- Directions
Determine how many lines in the material below contain the string "Design", then state only that count.
=== Begin Enclosure ===
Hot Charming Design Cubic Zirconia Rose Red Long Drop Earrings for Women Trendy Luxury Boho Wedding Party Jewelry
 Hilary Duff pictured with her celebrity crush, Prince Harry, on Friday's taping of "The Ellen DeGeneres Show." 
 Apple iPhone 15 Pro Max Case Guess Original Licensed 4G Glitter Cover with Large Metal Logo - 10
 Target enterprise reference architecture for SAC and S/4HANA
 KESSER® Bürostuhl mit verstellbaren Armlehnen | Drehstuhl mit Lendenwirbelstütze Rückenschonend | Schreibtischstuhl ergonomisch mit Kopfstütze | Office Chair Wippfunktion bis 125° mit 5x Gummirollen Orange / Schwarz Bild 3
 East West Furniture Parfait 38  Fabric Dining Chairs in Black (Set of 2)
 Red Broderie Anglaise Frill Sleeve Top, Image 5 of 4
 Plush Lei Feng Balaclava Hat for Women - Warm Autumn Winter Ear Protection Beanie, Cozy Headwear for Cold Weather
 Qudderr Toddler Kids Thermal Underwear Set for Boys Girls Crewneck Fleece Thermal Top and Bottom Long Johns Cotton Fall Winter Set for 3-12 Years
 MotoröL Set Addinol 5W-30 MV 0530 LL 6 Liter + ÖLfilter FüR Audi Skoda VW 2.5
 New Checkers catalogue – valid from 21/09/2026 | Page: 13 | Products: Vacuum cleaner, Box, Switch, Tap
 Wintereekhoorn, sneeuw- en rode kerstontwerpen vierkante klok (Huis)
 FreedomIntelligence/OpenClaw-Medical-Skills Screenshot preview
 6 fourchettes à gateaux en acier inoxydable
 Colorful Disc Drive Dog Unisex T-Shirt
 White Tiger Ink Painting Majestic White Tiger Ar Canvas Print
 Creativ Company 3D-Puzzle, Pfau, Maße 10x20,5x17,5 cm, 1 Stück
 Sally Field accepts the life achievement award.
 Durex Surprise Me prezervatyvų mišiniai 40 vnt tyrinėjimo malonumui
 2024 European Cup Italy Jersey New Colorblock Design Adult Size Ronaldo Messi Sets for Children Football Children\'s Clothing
=== End Enclosure ===
- Answer to the problem
2